KERR COUNTY, Texas – Authorities said Friday’s Fourth of July flooding in the Hill Country is already considered a deadly weather event.
Kerr County Judge Rob Kelly told reporters during a late Friday morning news conference that he will not provide further details on those killed. Multiple children’s camps are in the area, and some kids are missing, Kelly said.
One Kerr County resident, Bill Washam, spoke to TheTXLoop 12 News. He shared what he saw and experienced from his vantage point, approximately two miles west of Ingram.
Washam said the weather rattled his windows and home overnight.
“The thunder was just, like, sledgehammers hitting the roof. It was unreal,” Washam said. “It was rocking us out of bed, and the rain was just relentless.”
Washam assumed that Friday’s weather event would include some flooding, but he said he didn’t expect what he later experienced.
Washam said he lived in the area during another tragic event: the flash flood that killed 10 children who attempted to flee the rising Guadalupe River in July 1987.
“Now that (July 1987 event) was the largest flood ever. (It) washed away those kids in Comfort and the buses and they had helicopter rescues and all that,” Washam said. “So, I was here for that one, and this (Friday’s flooding) is worse.”
Washam told TheTXLoop that he wasn’t able to get an assessment of what happened until the rain let up some and there was enough light outside.
“I could see right over the roof of my cousin’s house, which is at the base of the hill, and all I saw was water moving at unbelievable speed,” Washam said. “Floating trees, kayaks, all kinds of stuff going down the river. It’s just a horrifying scene.”
Washam said he is not aware of anyone whose life has not been accounted for. He did share that a relative’s home was not as fortunate as his.
“I know one of my other cousins lives out near Camp Stewart, right on the river,” Washam said. “It washed away his RV bus. His neighbor came over and knocked on the door and got him out. A little while after he got out, it washed it away, and it’s wrapped around a tree. Thank God he got out of there.”
Washam also said other residents a few miles away from him were rescued before those homes were lost.
What startled Washam the most about the severe weather is the timing: Fourth of July weekend.
“The fact that it was the Fourth of July, when most people are camping and putting things down by the water — and closest to the water,” Washam said. “The most dangerous possible scenario just happens the night before the Fourth, when the most people are here.”

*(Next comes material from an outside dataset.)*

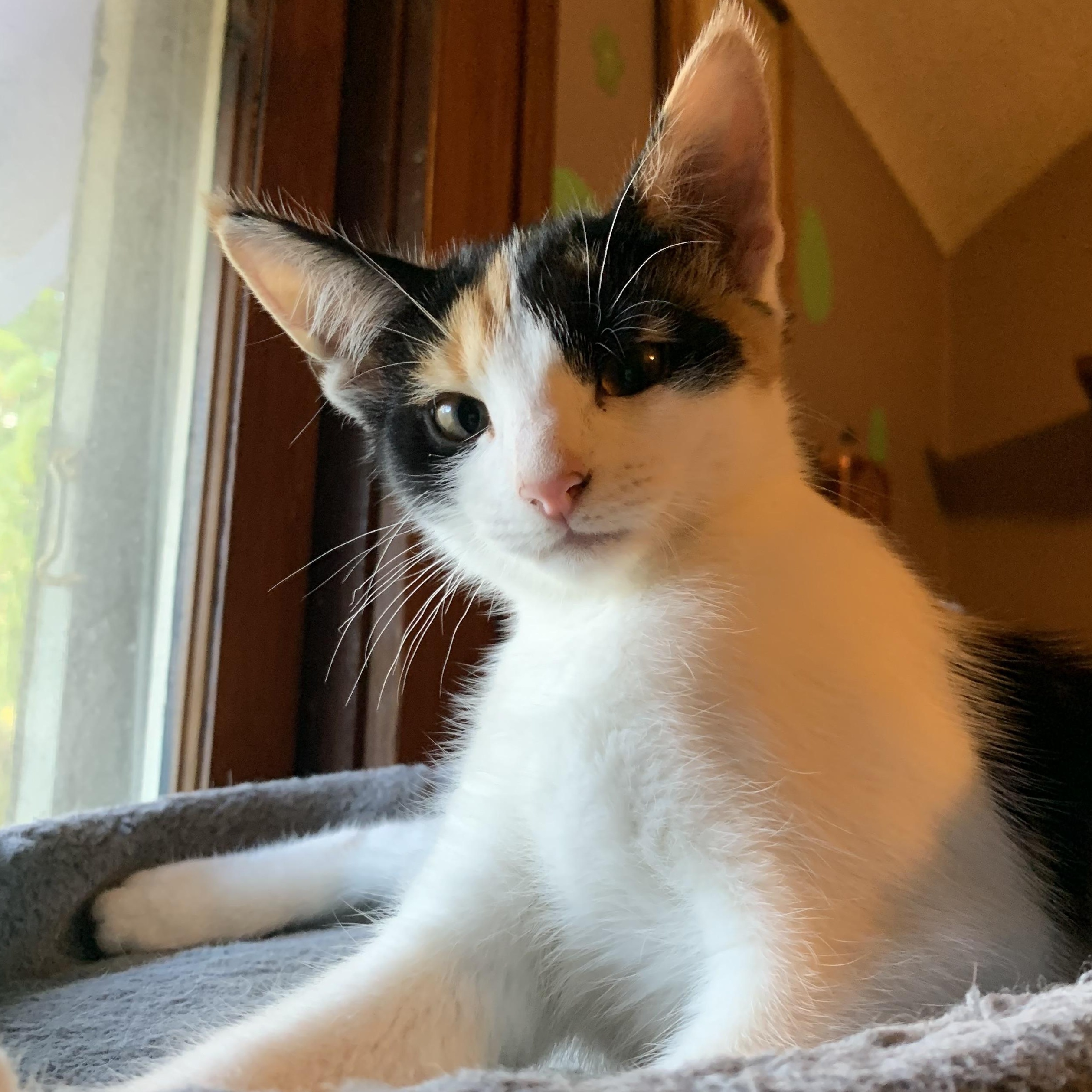 Pearladoone thumbnail 2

‘Holy s—’: Kerrville husband, wife share their story of survival
Scott Weldon, a homeowner who lives along the Guadalupe River in Kerrville, survived the flooding by clinging to a bush after the water started rising.
“I had no idea that something like this could happen, and then, holy s—,” Weldon said. “Stuff started to hit the walls, and my wife jumped up, looked out the back porch and saw it was the river.”

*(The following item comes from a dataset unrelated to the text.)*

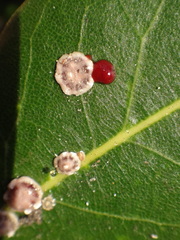 Ceroplastes rusci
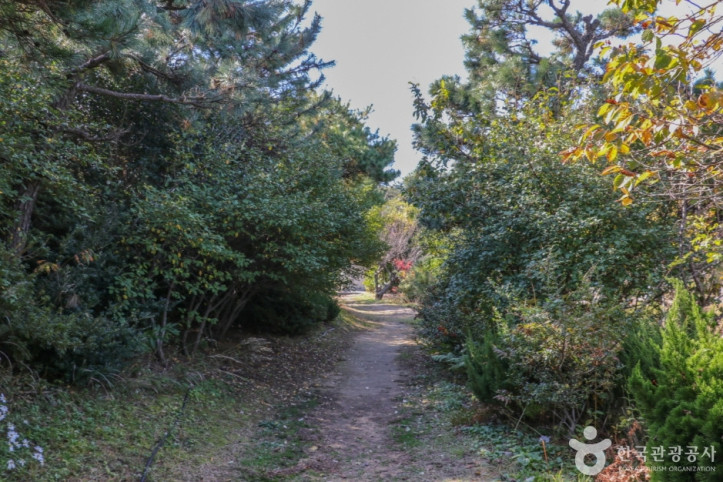 울산테마식물수목원_7_공공3유형.jpg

Weldon said the water rose so rapidly that, in the moments he went to grab his keys to move his truck, his belongings were already underwater.
“My truck, my Jeep, my four motorcycles, my kayak, golf cart all pretty much like, ‘Who knows where?’” Weldon said.

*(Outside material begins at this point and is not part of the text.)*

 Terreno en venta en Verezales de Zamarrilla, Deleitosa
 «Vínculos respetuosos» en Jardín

He said his friend told him that his flood insurance had been removed from the policy a few weeks ago without reason.
The insurance company “canceled us for no apparent good reason. Just randomly did it.”
Weldon said he and his wife escaped by jumping out of their home and ended up three houses down. They cling onto a bush in a hedge row to save themselves.
Eventually, rescue crews showed up to help the couple and get them to safety.
“We, just, we survived,” Weldon said.